Stored data
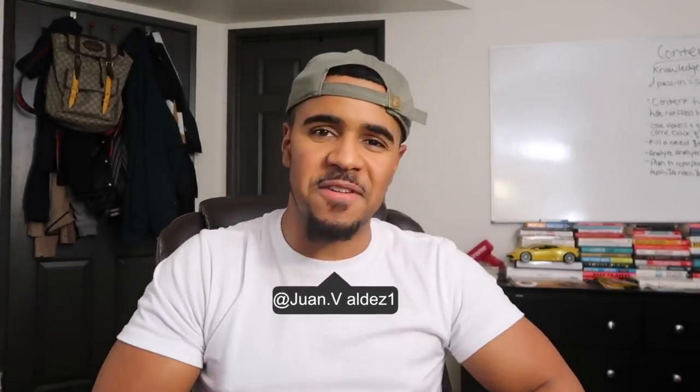What's up V Fam, your boy Juan Valdez coming at you guys with another video. Today I'm gonna be sharing with you guys some simple changes that you could make to your Shopify store to increase the conversions.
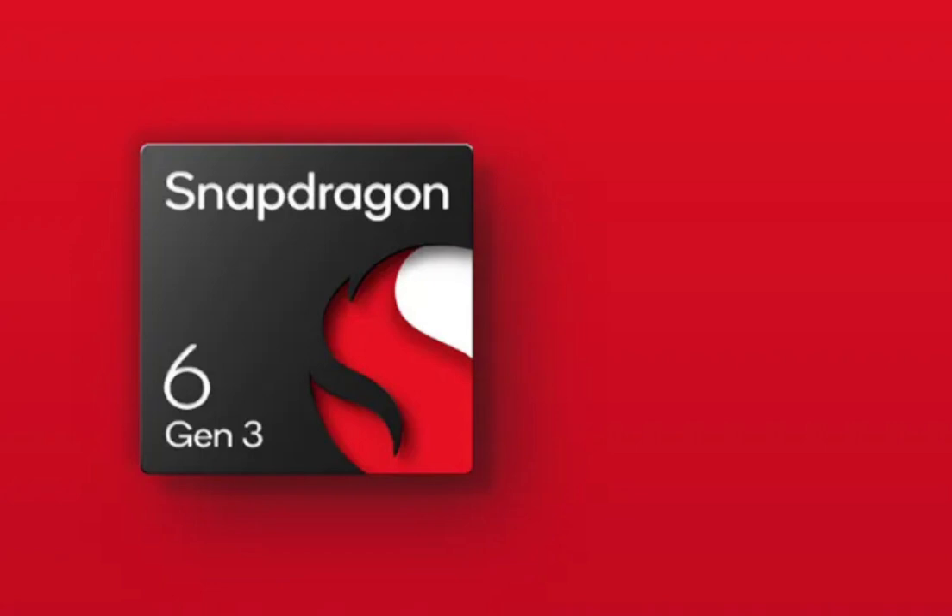The Snapdragon 7s Gen 2 had 4 performance-oriented 2.4GHz Cortex-A78 cores and 4 efficiency-oriented 1.95GHz Cortex-A55 cores, and also used the Adreno 710 as its GPU.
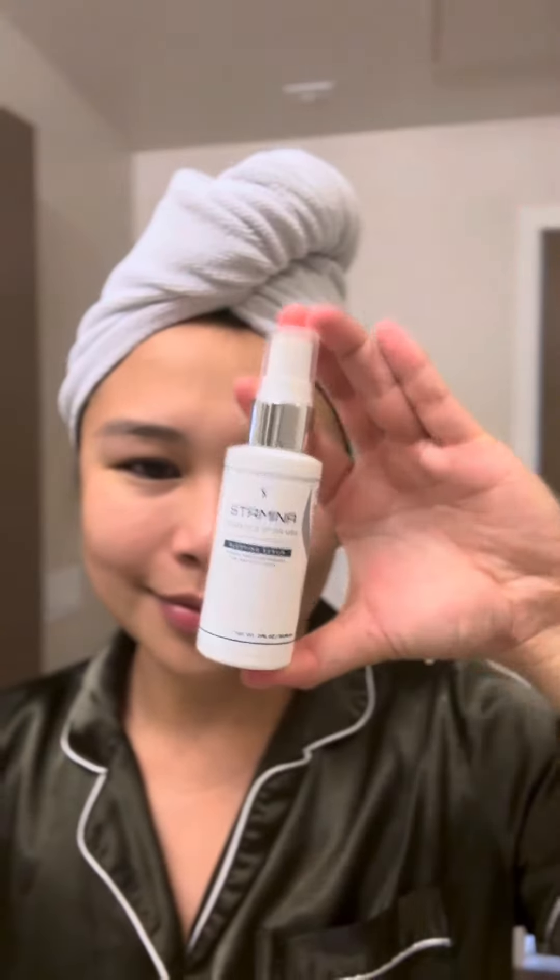After 15 minutes, I wash it off and spritz my skin with the Stamina Serum. This serum is like a shot of confidence for my skin, and a couple of spritzes do the trick.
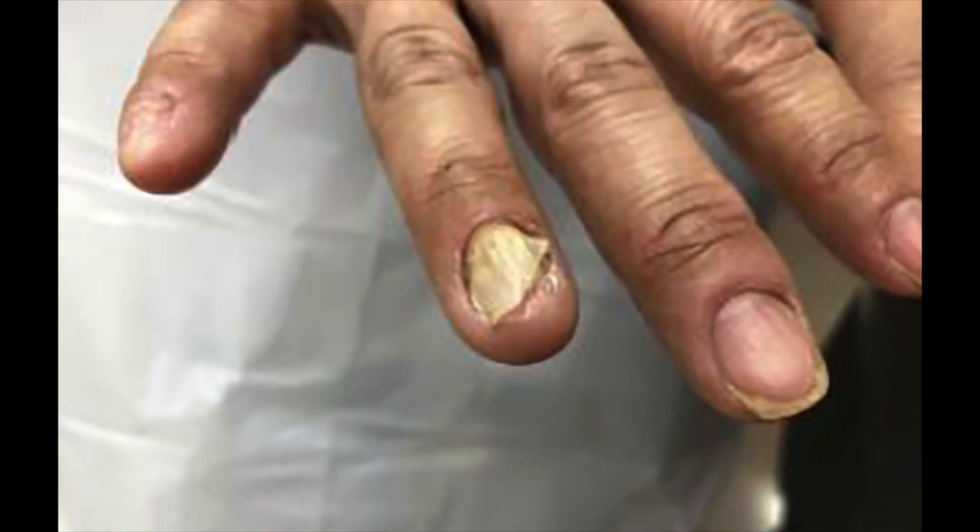One clue for high thyroid from your nails is onycholysis — a fancy medical term for when the tips of your fingernails start to peel away. The distal nail plate, which is the part furthest away from your half moons, separates from the underlying nail bed and kind of peels away.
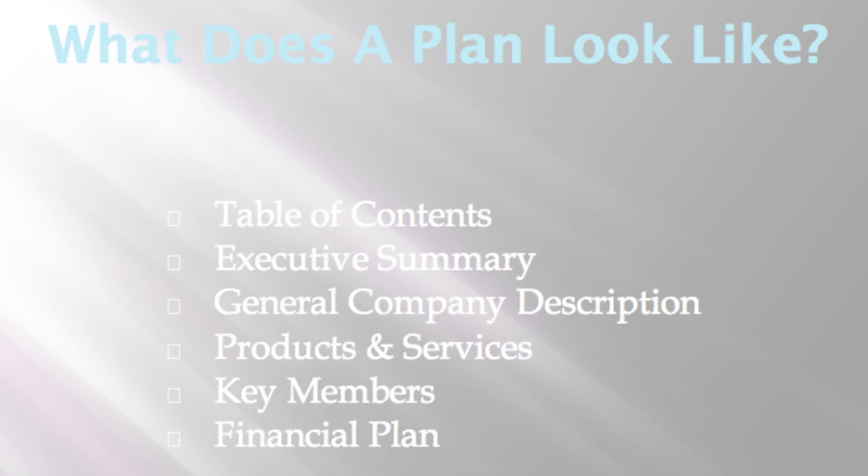As you've seen, what does the business plan look like? Really nuts and bolts: you have a table of contents, an executive summary, company description, products and services, key members, and a financial plan — an overview of the kinds of things that you should have in there.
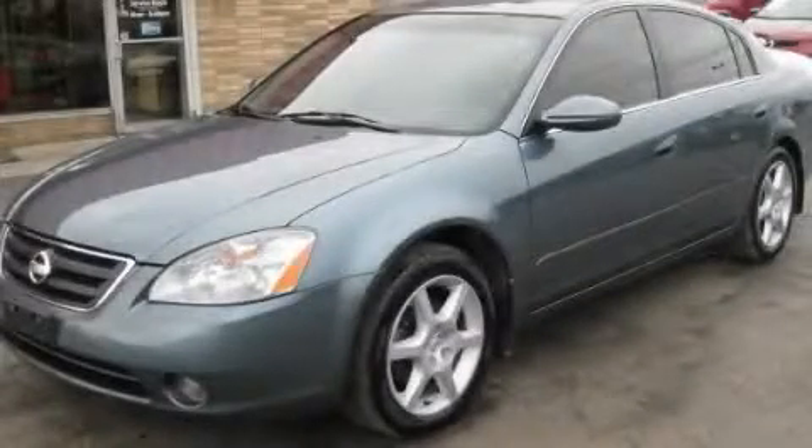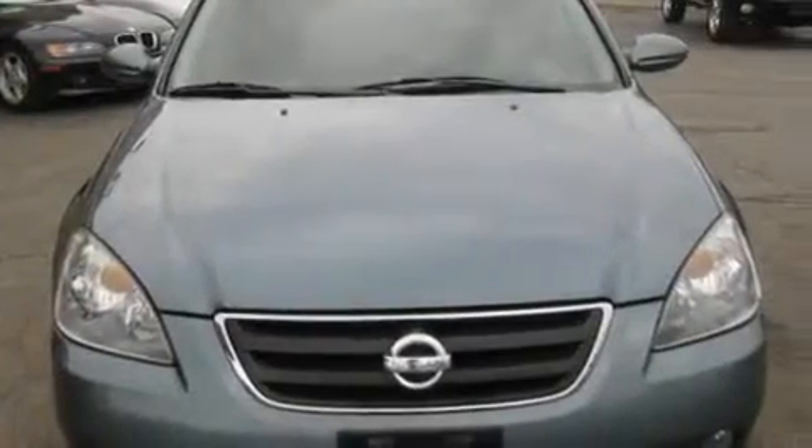This is a 2002 Nissan Altima. It has a 3.5-liter six-cylinder engine and an automatic transmission.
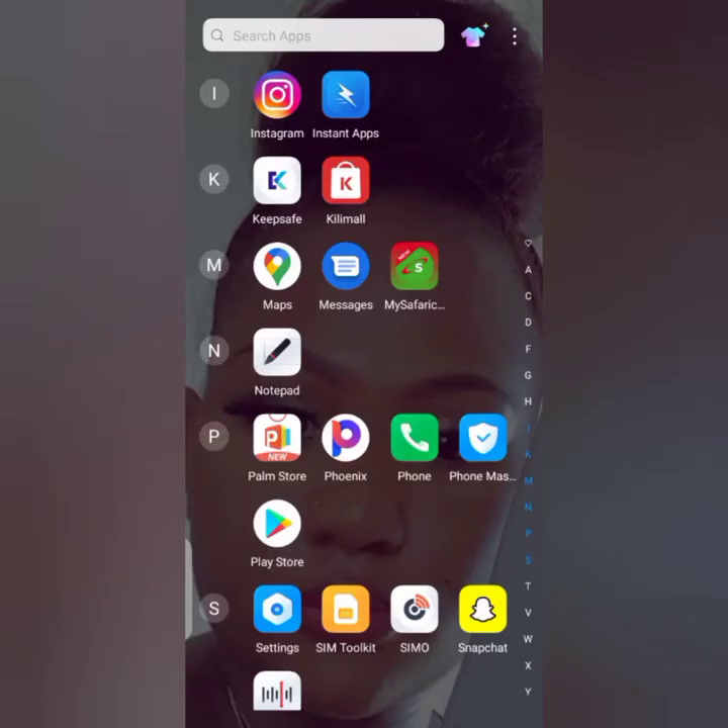Hey guys, welcome back to yet another video on this YouTube channel. Today I'll be showing you how easy it is to purchase a product from the Kilimall app. First and foremost, you have to install this application on your phone. I already have the application — you can see it here.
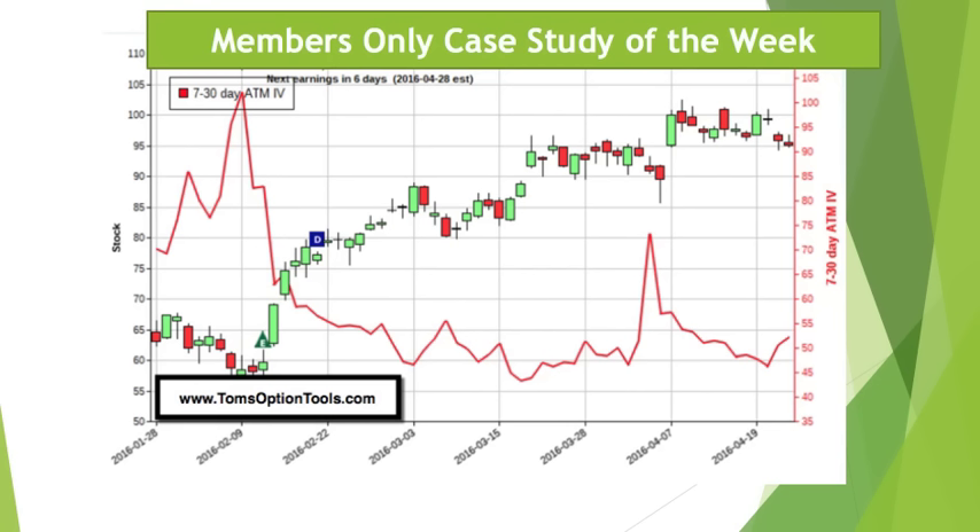Finally, members-only case study trade of the week. We talked about this one on our last webinar, so those of you that are members know what it is. If you saw the webinar, you probably know what it is as well. We'll be looking at bearish opportunities in this stock.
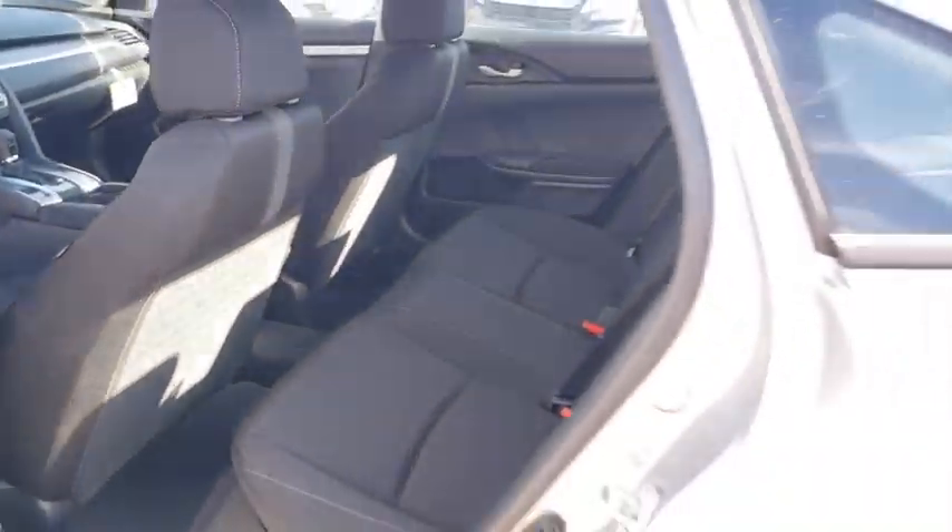If affordable style and reliability are what you're looking for, this vehicle couldn't be more perfect. Drive it today.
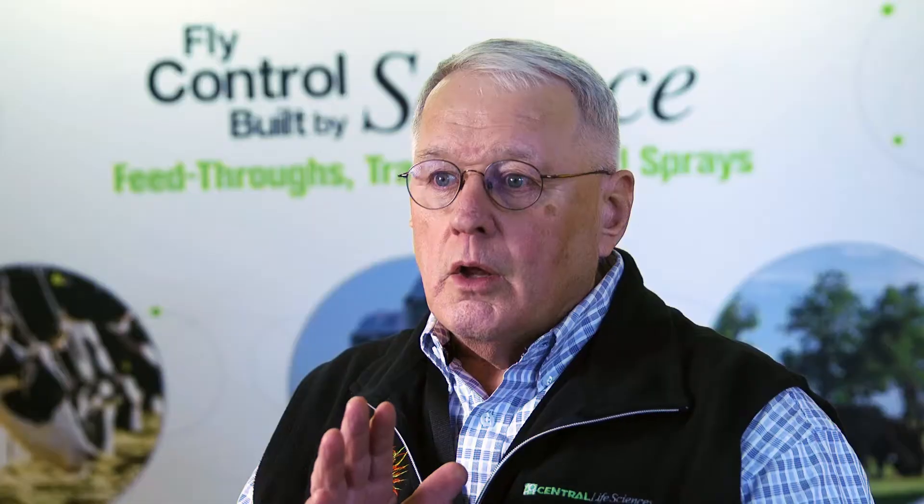For the control of horn flies, you want to use the proven leader in the industry: Alcocid IGR feed-through.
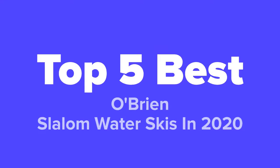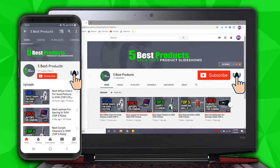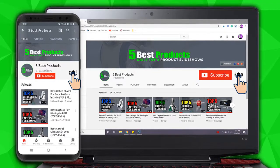What's going on guys, this is Five Best Products, and today we're going to show you our top five best O'Brien slalom water skis in 2020. We made this list based on research, popularity, our opinion, and much more. To find out more information about these water skis, feel free to check them out in the description below. Also, don't forget to answer our daily question at the end of this video. Before we get started, go ahead and hit that subscribe button and like the video. If you have any questions about any of these products whatsoever, don't hesitate to leave us a comment below and we'll respond as soon as we possibly can.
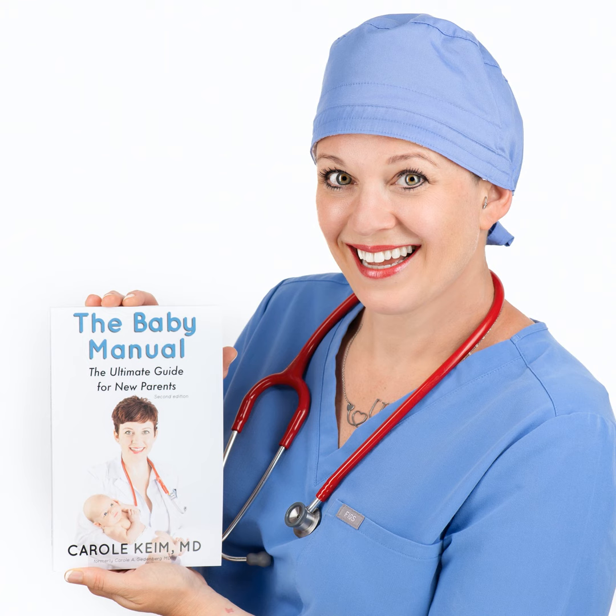Hello and welcome to Episode 13 of The Baby Manual Podcast. We're going to talk all about vaccines today. I'm going to tell you how vaccines work, how they're created, the four different types of vaccines, some common myths and misconceptions, then go through the specific childhood vaccines and the diseases they prevent, the total number of vaccines your child will get, and finish up with common side effects and how to treat them.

Directions for this task: Leave out any pictures and return exactly the lines from the beginning of the data through the line with "One clue for", inclusive.

Final answer:
What's up V Fam, your boy Juan Valdez coming at you guys with another video. Today I'm gonna be sharing with you guys some simple changes that you could make to your Shopify store to increase the conversions.
The Snapdragon 7s Gen 2 had 4 performance-oriented 2.4GHz Cortex-A78 cores and 4 efficiency-oriented 1.95GHz Cortex-A55 cores, and also used the Adreno 710 as its GPU.
After 15 minutes, I wash it off and spritz my skin with the Stamina Serum. This serum is like a shot of confidence for my skin, and a couple of spritzes do the trick.
One clue for high thyroid from your nails is onycholysis — a fancy medical term for when the tips of your fingernails start to peel away. The distal nail plate, which is the part furthest away from your half moons, separates from the underlying nail bed and kind of peels away.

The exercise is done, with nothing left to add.